The driver from Mineralnye Vody to Vladikavkaz started telling us what had really happened. He said he didn’t believe the official reports that there were 120 people in the school. He said he knew the school: it was the best in Beslan, and everyone knew it and tried to get their kids in. At that moment, he said, there were almost 950 people in the school, since September 1 had been the first day of class, and it was full of adults, friends, and relatives showing their support [to the incoming class].

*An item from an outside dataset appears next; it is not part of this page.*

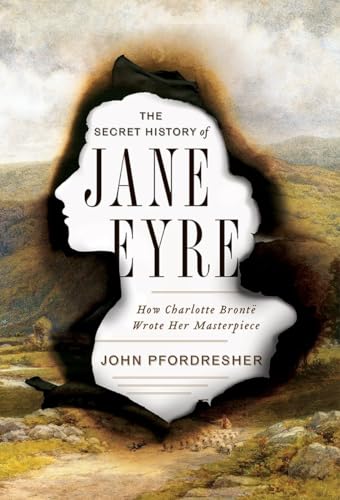 The Secret History of Jane Eyre: How Charlotte Bronte Wrote Her Masterpiece: How Charlotte Brontë Wrote Her Masterpiece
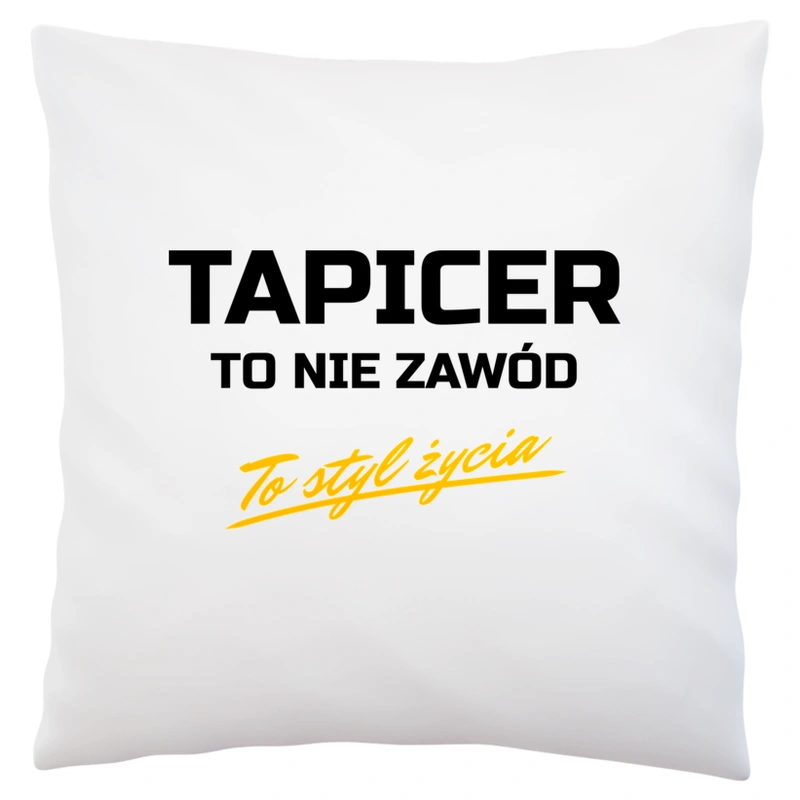 Tapicer To Nie Zawód - To Styl Życia - Poduszka Biała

We drove up to the local community center, where the hostages’ friends and family had gathered. People were throwing themselves at each other, asking, “What are the authorities saying? Is there really no one to go inside to talk to the terrorists?” Officials would come out and repeat the same thing over and over: negotiations were underway, and there were 124 hostages. I remember how family members ran up to Lev Dzugaev, an adviser to the head of the republic, and said indignantly, “Why are you lying? There aren’t 120 or even 300 people in there — there are more than 900!” A woman was carrying lists of people from the school, and the tally exceeded 1,500. Dzugaev explained that these 124 had been confirmed, but not the rest. Parents wanted the republic’s leadership and members of law enforcement to meet with them and explain what was happening, but officials only asked them to calm down, accusing them of making the situation more nervous. I still couldn’t fathom how a few dozen men had taken hostage such a large number of people, or where all the law-enforcement agencies were at that moment.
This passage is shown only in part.